Paul Allen, who cofounded Microsoft with his childhood friend Bill Gates before becoming a billionaire philanthropist, technology investor and owner of several professional sports teams, has died. He was 65.
He died on Monday in Seattle, according to his company Vulcan Inc. Earlier this month Allen announced that the non-Hodgkin’s lymphoma that he was treated for in 2009 had returned and he planned to fight it aggressively.
Gates said he was heartbroken about the loss of one of his “oldest and dearest friends.”
“Personal computing would not have existed without him,” Gates said in a statement, adding that Allen’s “second act” as a philanthropist was “focused on improving people’s lives and strengthening communities in Seattle and around the world.”
Allen and Gates met while attending a private school in north Seattle. The two friends would later drop out of college to pursue the future they envisioned: A world with a computer in every home.
Gates so strongly believed in their dream that he left Harvard University in his junior year to devote himself full-time to his and Allen’s startup, which Allen dubbed Micro-Soft, short for microprocessors and software. Allen spent two years at Washington State University before dropping out as well.
They founded the company in Albuquerque, New Mexico, and their first product was a computer language for the Altair hobby-kit personal computer, giving hobbyists a basic way to program and operate the machine.
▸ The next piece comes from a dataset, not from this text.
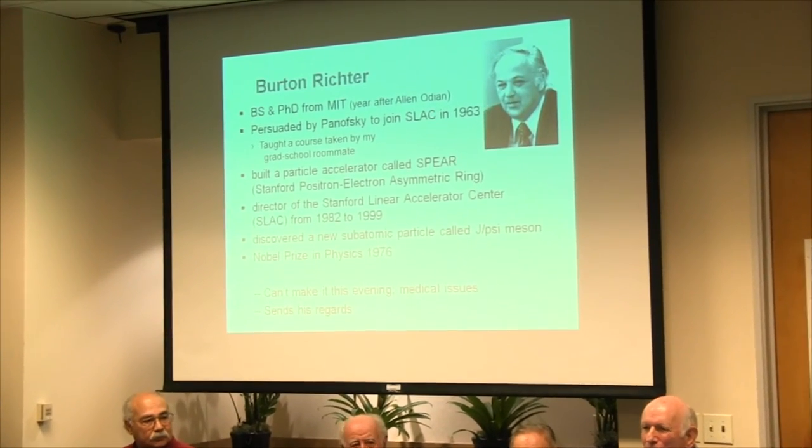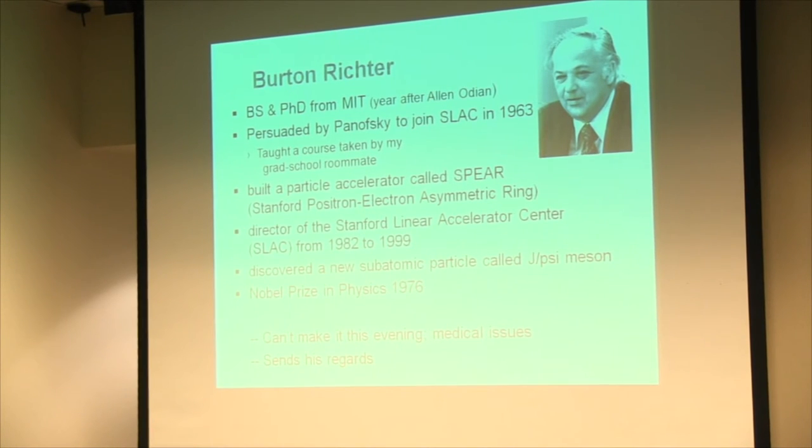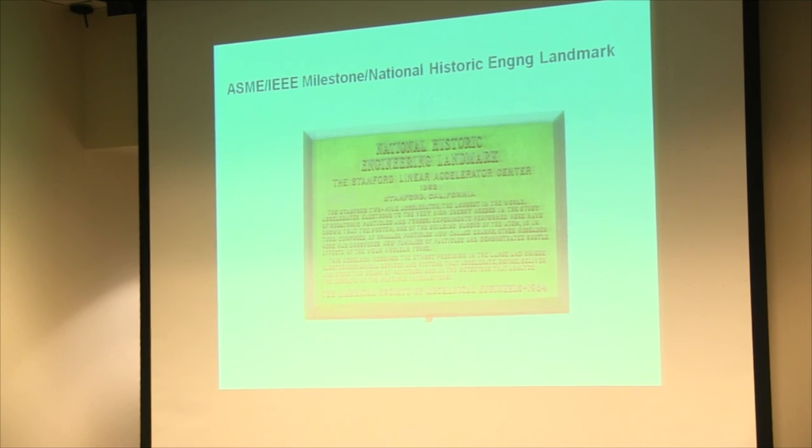I have to at least mention Bert Richter, who couldn't be here today. A couple of weeks ago he was planning to be here, but some medical issues came up. He's the one that persuaded Panofsky to join SLAC back in 1963. He was involved with the SPEAR experiment — the Stanford Positron Electron Asymmetric Ring — and discovered the J/Psi meson, which was discovered concurrently elsewhere. The Nobel Prize was awarded to him in 1976, and he sends his regards. The Stanford Linear Accelerator has an ASME/IEEE milestone plaque up at the Linear.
After Gates and Allen found some success selling their programming language, MS-Basic, the Seattle natives moved their business in 1979 to Bellevue, Washington, not far from its eventual home in Redmond.
Allen departed the company just eight years after its founding in 1975. He served as Microsoft’s executive vice president of research and new product development until 1983, when he resigned after being diagnosed with cancer.
“To be 30 years old and have that kind of shock — to face your mortality — really makes you feel like you should do some of the things that you haven’t done yet,” Allen said in a 2000 book, Inside Out: Microsoft in Our Own Words.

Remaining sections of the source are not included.